Audiobox

Free and Open Source AI Speech and Voice Generation Models from Meta

Summary

Audiobox is a new foundation research model for audio generation by Meta that can generate voices and sound effects using voice inputs and natural language text prompts.

Abstract

Audiobox is Meta's new foundation research model for audio generation that utilizes a combination of voice inputs and natural language text prompts to generate voices and sound effects. The model includes specialist models Audiobox Speech and Audiobox Sound, and is built upon the shared self-supervised model Audiobox SSL. The website provides interactive audio demos to help users understand the unique capabilities of Audiobox and allows users to express their creativity and make a fun and original audio story with Audiobox Maker.
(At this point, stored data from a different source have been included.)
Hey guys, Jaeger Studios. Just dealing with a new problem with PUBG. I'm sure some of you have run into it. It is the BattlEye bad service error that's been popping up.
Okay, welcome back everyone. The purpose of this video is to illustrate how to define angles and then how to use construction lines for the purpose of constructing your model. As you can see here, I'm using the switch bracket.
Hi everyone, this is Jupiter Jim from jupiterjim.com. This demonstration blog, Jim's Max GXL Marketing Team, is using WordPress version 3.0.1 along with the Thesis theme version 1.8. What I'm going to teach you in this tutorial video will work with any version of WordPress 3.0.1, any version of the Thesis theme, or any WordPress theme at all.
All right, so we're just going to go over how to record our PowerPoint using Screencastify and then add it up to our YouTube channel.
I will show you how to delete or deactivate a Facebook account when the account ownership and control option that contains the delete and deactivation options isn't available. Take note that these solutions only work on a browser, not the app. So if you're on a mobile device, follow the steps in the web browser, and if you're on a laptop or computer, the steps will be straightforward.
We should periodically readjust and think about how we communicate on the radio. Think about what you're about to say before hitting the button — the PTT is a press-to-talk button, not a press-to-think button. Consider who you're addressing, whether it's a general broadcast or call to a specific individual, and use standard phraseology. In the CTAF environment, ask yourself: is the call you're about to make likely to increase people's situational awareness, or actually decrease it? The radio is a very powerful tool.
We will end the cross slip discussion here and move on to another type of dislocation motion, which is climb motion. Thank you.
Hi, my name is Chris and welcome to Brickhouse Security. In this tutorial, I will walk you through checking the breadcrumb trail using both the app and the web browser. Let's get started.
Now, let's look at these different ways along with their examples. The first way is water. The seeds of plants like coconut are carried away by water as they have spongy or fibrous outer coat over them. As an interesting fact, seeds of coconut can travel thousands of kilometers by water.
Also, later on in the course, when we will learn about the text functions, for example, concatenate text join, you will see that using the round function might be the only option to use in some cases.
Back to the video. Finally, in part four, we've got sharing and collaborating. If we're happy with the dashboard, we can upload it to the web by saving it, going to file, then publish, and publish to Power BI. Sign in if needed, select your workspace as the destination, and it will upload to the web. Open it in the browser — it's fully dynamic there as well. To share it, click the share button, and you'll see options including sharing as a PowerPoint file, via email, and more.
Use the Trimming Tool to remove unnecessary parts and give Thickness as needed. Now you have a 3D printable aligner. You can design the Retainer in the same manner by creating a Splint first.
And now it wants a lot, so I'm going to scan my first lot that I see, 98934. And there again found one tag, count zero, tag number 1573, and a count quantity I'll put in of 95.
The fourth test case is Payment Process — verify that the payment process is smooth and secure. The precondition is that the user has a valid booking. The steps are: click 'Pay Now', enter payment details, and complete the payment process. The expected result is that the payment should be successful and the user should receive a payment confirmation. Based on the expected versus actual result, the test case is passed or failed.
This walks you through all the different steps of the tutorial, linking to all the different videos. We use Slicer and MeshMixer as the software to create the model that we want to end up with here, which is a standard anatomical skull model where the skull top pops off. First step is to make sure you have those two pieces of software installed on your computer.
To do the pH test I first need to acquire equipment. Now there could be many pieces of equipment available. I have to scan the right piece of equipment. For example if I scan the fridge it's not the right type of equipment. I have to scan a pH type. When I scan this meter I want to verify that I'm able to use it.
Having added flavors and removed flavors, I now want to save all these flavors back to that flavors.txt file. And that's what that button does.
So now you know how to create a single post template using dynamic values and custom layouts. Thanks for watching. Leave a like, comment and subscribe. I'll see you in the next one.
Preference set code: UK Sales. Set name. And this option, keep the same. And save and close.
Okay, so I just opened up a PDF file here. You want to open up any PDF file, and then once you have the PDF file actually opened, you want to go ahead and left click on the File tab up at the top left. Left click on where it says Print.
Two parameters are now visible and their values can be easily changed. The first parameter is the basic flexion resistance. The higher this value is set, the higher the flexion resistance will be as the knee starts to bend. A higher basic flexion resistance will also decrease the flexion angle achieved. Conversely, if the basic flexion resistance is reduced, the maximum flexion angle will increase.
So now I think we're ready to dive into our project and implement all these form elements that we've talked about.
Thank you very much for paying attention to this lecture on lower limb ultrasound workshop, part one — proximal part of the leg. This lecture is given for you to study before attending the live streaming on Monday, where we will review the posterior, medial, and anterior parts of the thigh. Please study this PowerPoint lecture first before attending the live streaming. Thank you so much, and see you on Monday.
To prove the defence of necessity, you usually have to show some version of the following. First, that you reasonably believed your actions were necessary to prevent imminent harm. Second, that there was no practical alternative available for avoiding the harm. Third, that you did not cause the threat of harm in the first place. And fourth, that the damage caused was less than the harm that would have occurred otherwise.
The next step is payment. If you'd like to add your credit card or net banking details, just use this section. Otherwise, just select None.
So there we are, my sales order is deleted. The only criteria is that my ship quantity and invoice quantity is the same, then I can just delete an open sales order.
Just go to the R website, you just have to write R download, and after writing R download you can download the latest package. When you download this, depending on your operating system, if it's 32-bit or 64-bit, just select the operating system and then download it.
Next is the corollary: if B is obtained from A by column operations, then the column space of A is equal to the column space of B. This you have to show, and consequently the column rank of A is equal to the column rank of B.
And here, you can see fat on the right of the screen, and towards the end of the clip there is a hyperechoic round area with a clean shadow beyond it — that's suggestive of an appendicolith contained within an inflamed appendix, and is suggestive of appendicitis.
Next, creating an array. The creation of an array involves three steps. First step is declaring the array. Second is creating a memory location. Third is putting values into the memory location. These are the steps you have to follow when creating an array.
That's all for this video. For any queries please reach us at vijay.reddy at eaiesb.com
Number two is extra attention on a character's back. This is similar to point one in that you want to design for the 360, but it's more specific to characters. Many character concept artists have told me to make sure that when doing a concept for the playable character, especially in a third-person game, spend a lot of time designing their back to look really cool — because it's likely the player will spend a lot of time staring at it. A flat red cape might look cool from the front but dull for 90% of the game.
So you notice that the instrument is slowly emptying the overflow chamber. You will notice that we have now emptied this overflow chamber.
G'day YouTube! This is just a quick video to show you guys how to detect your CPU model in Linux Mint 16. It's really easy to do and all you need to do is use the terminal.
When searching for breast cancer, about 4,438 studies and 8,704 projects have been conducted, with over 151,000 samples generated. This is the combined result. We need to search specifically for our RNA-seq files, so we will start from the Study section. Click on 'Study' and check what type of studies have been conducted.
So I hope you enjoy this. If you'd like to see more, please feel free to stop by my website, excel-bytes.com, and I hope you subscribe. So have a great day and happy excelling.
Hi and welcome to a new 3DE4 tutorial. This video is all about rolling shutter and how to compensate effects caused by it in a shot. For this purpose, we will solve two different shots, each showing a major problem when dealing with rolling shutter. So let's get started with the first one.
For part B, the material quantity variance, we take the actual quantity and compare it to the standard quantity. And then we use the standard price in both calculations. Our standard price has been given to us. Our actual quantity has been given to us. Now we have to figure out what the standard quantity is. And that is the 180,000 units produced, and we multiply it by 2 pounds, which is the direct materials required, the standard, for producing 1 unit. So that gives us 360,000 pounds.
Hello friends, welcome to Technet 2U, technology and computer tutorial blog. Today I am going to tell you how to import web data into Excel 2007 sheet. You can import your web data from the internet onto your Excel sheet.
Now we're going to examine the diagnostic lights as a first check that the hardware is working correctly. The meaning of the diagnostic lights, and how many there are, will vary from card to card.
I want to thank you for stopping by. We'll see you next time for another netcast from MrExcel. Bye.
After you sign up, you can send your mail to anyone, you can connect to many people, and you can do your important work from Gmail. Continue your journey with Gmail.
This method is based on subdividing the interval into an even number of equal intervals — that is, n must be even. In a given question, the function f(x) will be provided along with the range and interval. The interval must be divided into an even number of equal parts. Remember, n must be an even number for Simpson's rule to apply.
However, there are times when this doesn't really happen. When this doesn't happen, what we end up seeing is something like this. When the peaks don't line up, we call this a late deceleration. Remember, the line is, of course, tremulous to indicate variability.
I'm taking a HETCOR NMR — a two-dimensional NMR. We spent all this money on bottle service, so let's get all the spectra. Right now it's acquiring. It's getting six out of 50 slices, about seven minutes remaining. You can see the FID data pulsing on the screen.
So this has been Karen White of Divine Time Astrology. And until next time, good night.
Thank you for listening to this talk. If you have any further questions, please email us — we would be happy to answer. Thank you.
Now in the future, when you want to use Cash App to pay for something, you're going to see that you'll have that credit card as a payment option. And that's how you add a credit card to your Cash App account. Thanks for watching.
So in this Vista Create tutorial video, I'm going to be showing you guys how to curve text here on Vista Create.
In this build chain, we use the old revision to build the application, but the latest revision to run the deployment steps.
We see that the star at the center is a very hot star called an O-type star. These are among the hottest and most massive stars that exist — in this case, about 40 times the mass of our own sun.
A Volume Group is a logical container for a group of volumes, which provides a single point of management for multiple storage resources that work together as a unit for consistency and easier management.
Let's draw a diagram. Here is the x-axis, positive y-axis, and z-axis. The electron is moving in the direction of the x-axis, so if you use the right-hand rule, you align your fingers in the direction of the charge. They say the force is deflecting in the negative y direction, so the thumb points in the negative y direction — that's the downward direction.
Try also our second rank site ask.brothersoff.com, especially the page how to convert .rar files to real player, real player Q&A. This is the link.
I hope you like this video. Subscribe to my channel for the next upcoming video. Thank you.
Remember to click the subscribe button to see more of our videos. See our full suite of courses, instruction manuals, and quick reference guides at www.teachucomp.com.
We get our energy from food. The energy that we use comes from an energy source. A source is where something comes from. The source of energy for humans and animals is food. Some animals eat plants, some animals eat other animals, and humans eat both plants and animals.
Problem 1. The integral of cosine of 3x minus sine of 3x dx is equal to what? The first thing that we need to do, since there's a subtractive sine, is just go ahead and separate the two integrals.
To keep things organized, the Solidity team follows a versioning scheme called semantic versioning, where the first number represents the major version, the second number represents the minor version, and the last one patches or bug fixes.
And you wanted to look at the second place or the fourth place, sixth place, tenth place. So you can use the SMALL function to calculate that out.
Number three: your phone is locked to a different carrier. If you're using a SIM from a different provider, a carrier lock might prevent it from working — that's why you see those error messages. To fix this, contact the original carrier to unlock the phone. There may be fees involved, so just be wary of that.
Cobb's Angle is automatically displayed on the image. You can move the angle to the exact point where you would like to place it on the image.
The website also provides information on how Audiobox works and Meta's commitment to making AI safe for everyone.

Bullet Points

•Audiobox is a new foundation research model for audio generation by Meta.
•It can generate voices and sound effects using a combination of voice inputs and natural language text prompts.
•The Audiobox family of models includes specialist models Audiobox Speech and Audiobox Sound.
•All Audiobox models are built upon the shared self-supervised model Audiobox SSL.
•The website provides interactive audio demos to help users understand the unique capabilities of Audiobox.
•Users can express their creativity and make a fun and original audio story with Audiobox Maker.
•The website also provides information on how Audiobox works and Meta's commitment to making AI safe for everyone.